Short descriptive text snippets
--

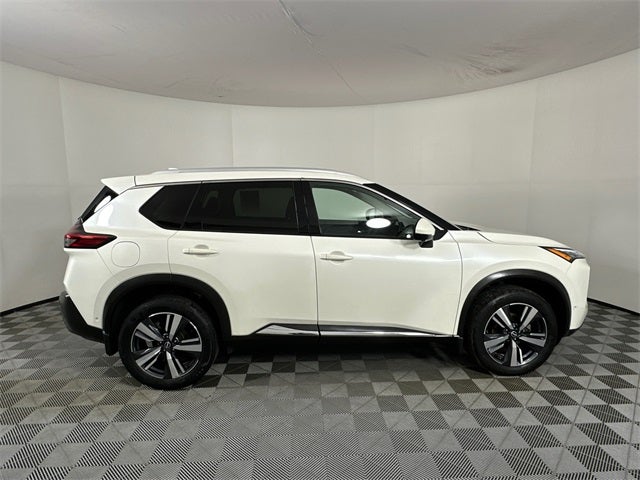 2023 Nissan Rogue SL Premium Package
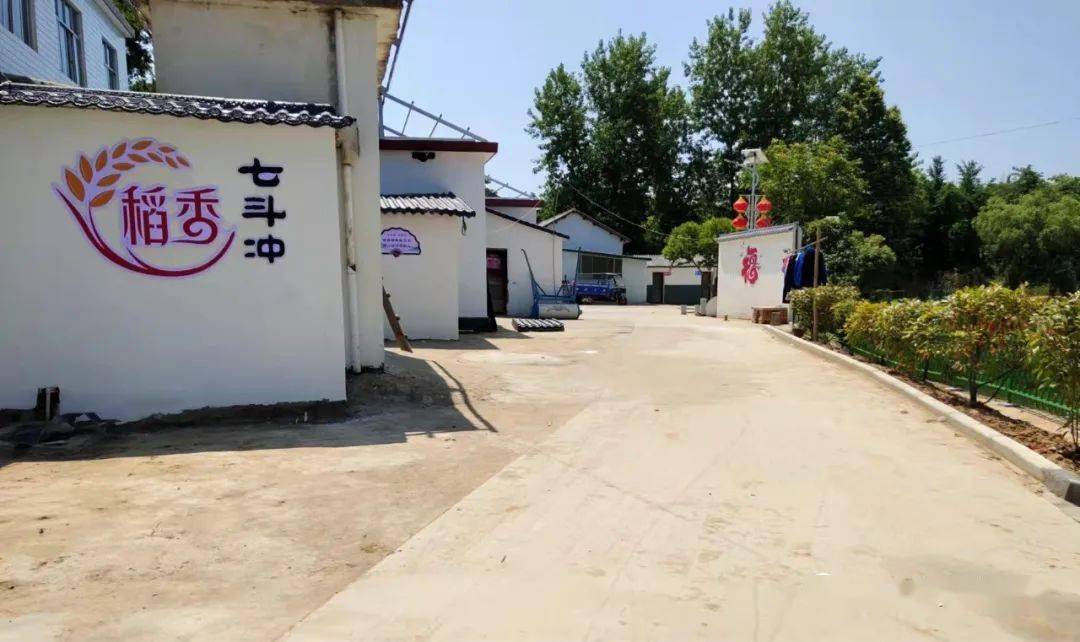 罗山县潘新镇稻香七斗冲乡村换新颜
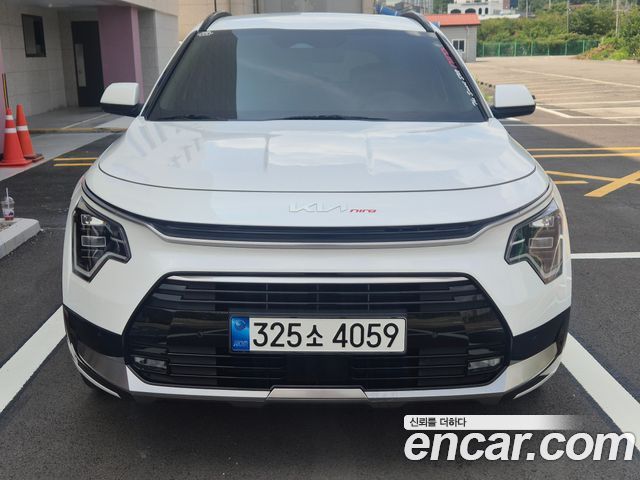 Kia Niro Signature — пробег 22 000 км — фото 3 из 5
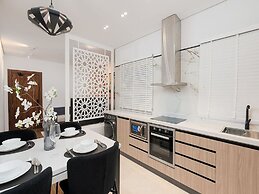 Stylish 1-br Apartment in Almughrizat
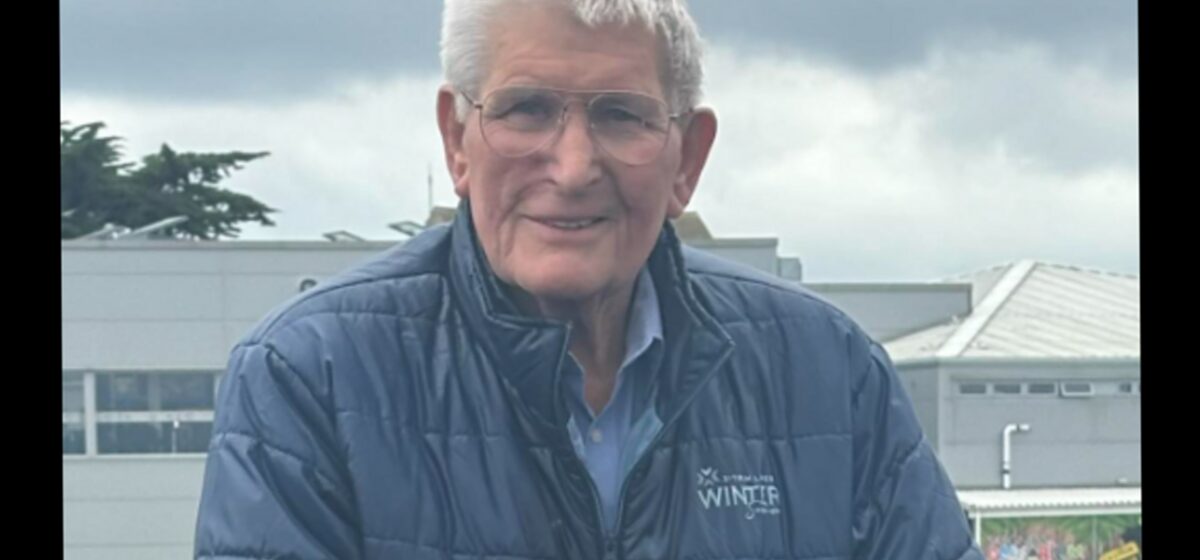 Amende - Un Britannique Verbalisé Pour Avoir « craché Une Feuille » Tombée Dans Sa Bouche : Il A Dû S'acquitter D'une Amende De 285 euros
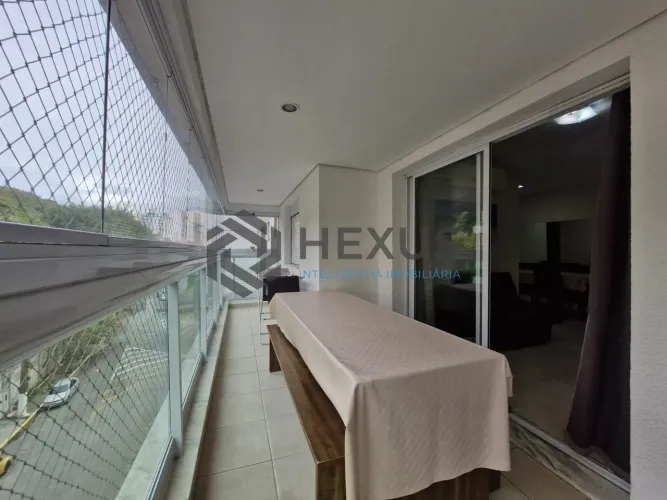 Apartamento reformado frente mar com varanda gourmet e lazer em prédio novo na Praia das A
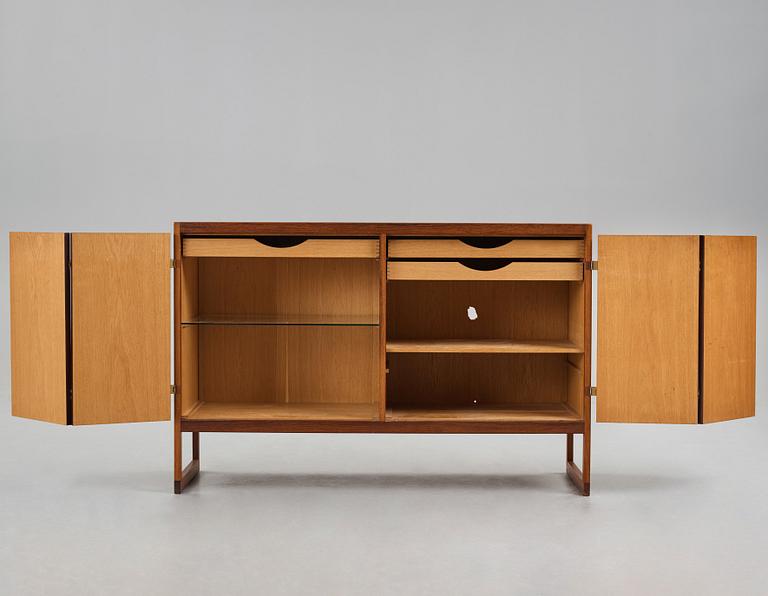 Børge Mogensen, a rosewood sideboard, A/S Fredericia Stolefabrik, Denmark 1950-60's.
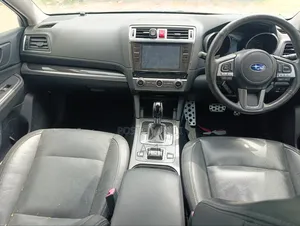 Subaru Outback 2.5i Premium AWD 2018 Gold
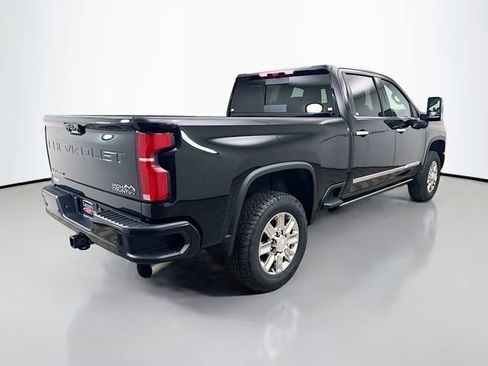 New 2026 Chevrolet Silverado 2500 High Country w/ Technology Package AWD/4WD image 9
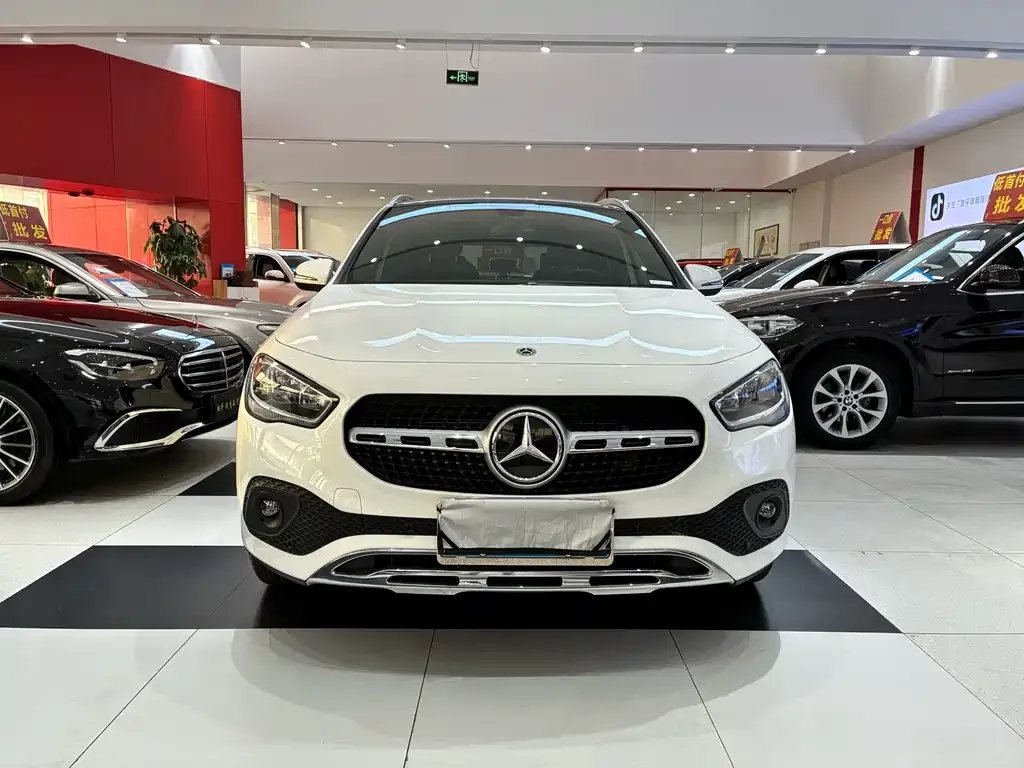 Mercedes-Benz GLA — фото 2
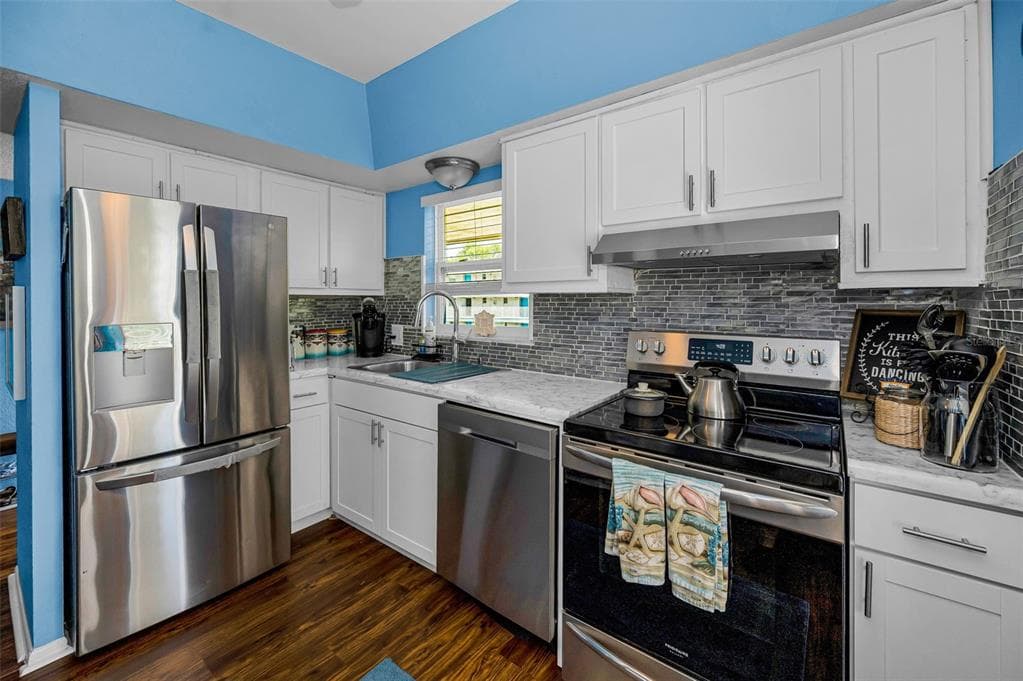 9945 47TH AVENUE Unit 210, Street PETERSBURG, FL 33708 photo 2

--

- Task statement
For each entry, copy the text exactly and leave out any image it carries.

- Task solution
 2023 Nissan Rogue SL Premium Package
 罗山县潘新镇稻香七斗冲乡村换新颜
 Kia Niro Signature — пробег 22 000 км — фото 3 из 5
 Stylish 1-br Apartment in Almughrizat
 Amende - Un Britannique Verbalisé Pour Avoir « craché Une Feuille » Tombée Dans Sa Bouche : Il A Dû S'acquitter D'une Amende De 285 euros
 Apartamento reformado frente mar com varanda gourmet e lazer em prédio novo na Praia das A
 Børge Mogensen, a rosewood sideboard, A/S Fredericia Stolefabrik, Denmark 1950-60's.
 Subaru Outback 2.5i Premium AWD 2018 Gold
 New 2026 Chevrolet Silverado 2500 High Country w/ Technology Package AWD/4WD image 9
 Mercedes-Benz GLA — фото 2
 9945 47TH AVENUE Unit 210, Street PETERSBURG, FL 33708 photo 2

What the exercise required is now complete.